Plan for Retirement Like a Spartan

Plan for Retirement Like a Spartan

The retirement bug bites every worker eventually—some much sooner than others. Unfortunately, as soon as you’re ready to close up shop, cash in your 401(k), and start a laid-back life on the links, the reality bug also bites. Turns out you’ll have to keep punching the clock for at least another eternity until you can safely call it a career.

But what if you didn’t have to work until your grave? What if all that stood between you and a 10:30 tee time today, every day, was a small shift in your money-saving philosophy?
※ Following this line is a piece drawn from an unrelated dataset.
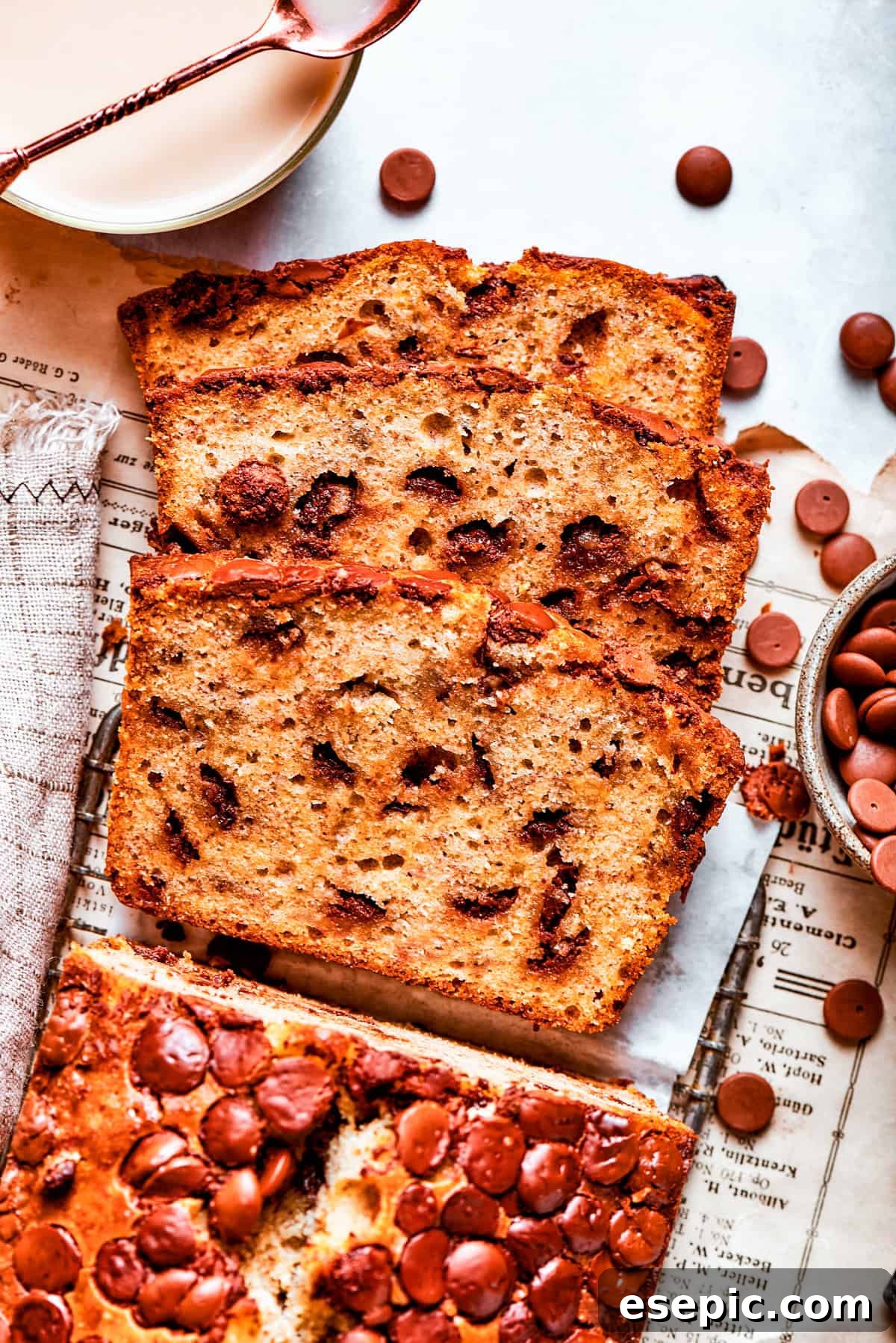 Sliced loaf of banana bread with chocolate chips.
If you use these four simple tips from Wes Moss, C.F.P., chief investment strategist at Capital Investment Advisors, you can shave five to 10 years off your working life.

Spartan Money Secret #1: Wipe Out Your Mortgage Sooner

While doing research for his book, You Can Retire Sooner Than You Think, Moss discovered the happiest retirees had either completely paid off their mortgage or were within 5 years of their last payment. By eliminating your home loans, you carve out more comfort and security for your retirement years, he says.

If you’re a relatively frugal spender, Moss recommends adding up to $300 to your monthly payment. “This won’t break the bank, and it will cut anywhere from six to nine years off a 30-year mortgage,” he says. Use an online mortgage calculator to figure out the exact amount that makes sense for you.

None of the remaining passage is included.